Ryan Burke looks out from the summit of the Grand Teton. (courtesy Taylor Luneau)

The idea of people scaling the Grand Teton seemed impossible to Burke when he first saw it 10 years ago. But after moving to Jackson in 2004 he became fascinated with climbing and its emphasis on problem solving.

“It’s that seeing something that looks impenetrable and figuring out a way to get there,” he said.

He taught himself enough to a try to impress a girl he liked by taking her up the Grand Teton in 2008. That first trip via the Owen-Spalding route took them 21 hours. He’s since completed the Grand in about 3.5 hours. In 2012 he climbed with Nancy Stevens when she became the first blind woman to summit the peak.

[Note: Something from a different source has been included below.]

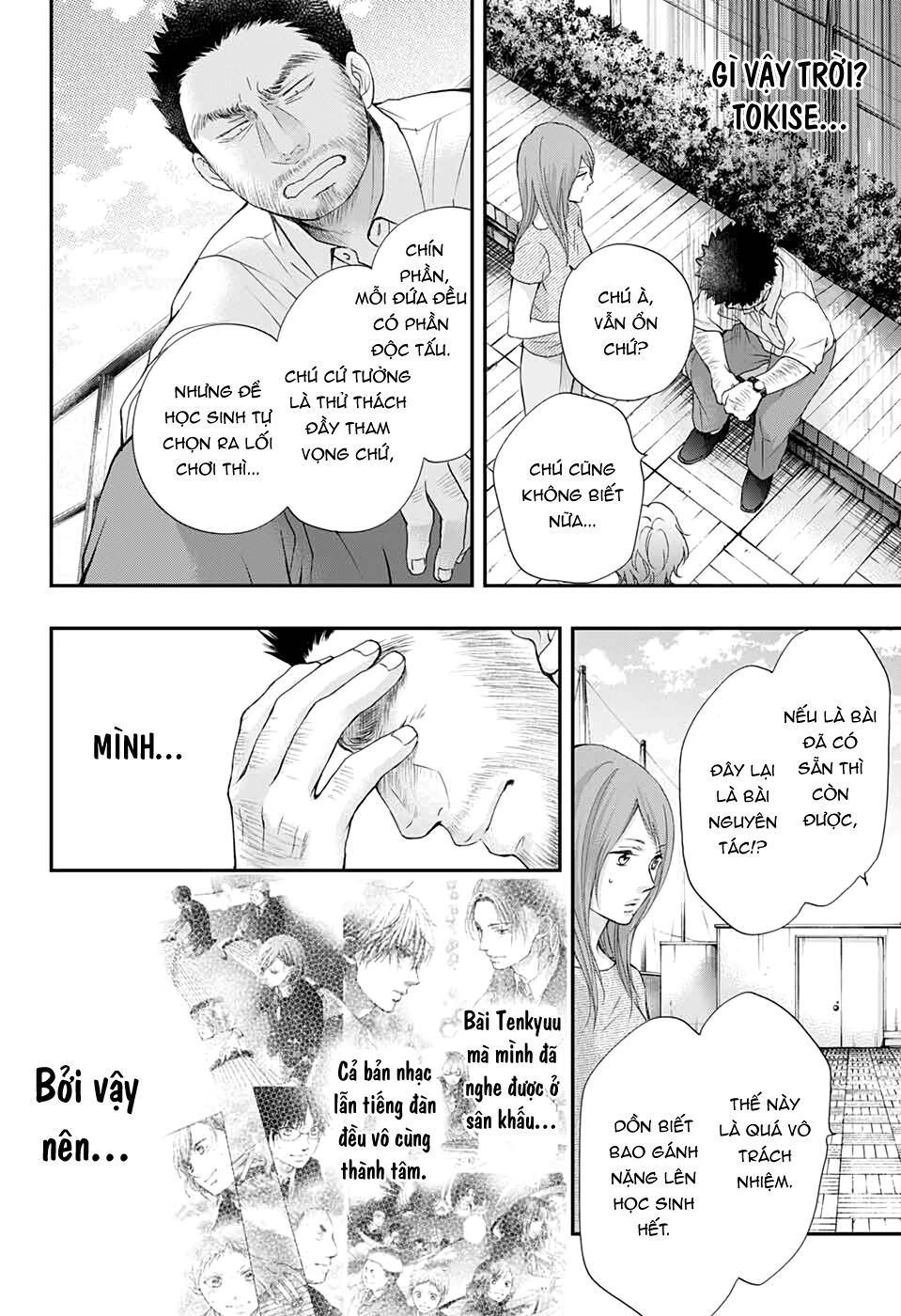 Kono Oto Tomare Chapter 88 - 22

He holds the record for the Picnic, a locally invented triathlon where competitors bike from Jackson, swim across Jenny Lake, solo the Grand Teton and reverse the course back to town. Burke finished it in 11.5 hours.

He also completed a circumnavigation of Jackson Hole which included running up the Grand Teton, Snow King Mountain and Jackson Peak and rafting the Snake River. Once he created a course for himself featuring a 5.5-mile swim, 42-mile run and 109-mile bike ride he finished in a day.

Spackman inspired Burke to push himself, find his limit and go beyond it. “Where is my boundary at?” Burke said. “Can I say ‘hello’ to that boundary and quietly walk past it?”

Burke, an addictions counselor at the Curran-Seeley Foundation, wanted to find a way to honor Spackman. About two years ago he started thinking about linking the peaks of the Tetons for a long traverse. He connected the dots of the peaks he’d already climbed to create the route which included 14 major peaks topping out at higher than 11,000-feet and 10 smaller peaks.

Ryan Burke descends from the Middle and South Tetons, with Ice Cream Cone, Spalding Peak, Gilkey Tower and Cloudveil Dome in the background, during what he called the “Perception Traverse,” a four-day crossing of the range with summits on 24 peaks. (courtesy Taylor Luneau)

He started at 3 a.m. with Mount Moran, his favorite for its isolation and majestic look at the northern end of the range. That first day he spent 20 hours, traveled 30 miles and finished seven peaks. He climbed alone.

The second day, after four hours of sleep, he met Taylor Luneau who climbed with him for two days, including the four pitches of 5.8-rated climbing on the North Ridge of the Grand Teton where he used a rope. The rest of the trip the climbing never was more difficult than 5.6, but scrambling across scree, endless fields of crumbling rock where a careless step could lead to a nasty fall, provided the biggest mental challenge.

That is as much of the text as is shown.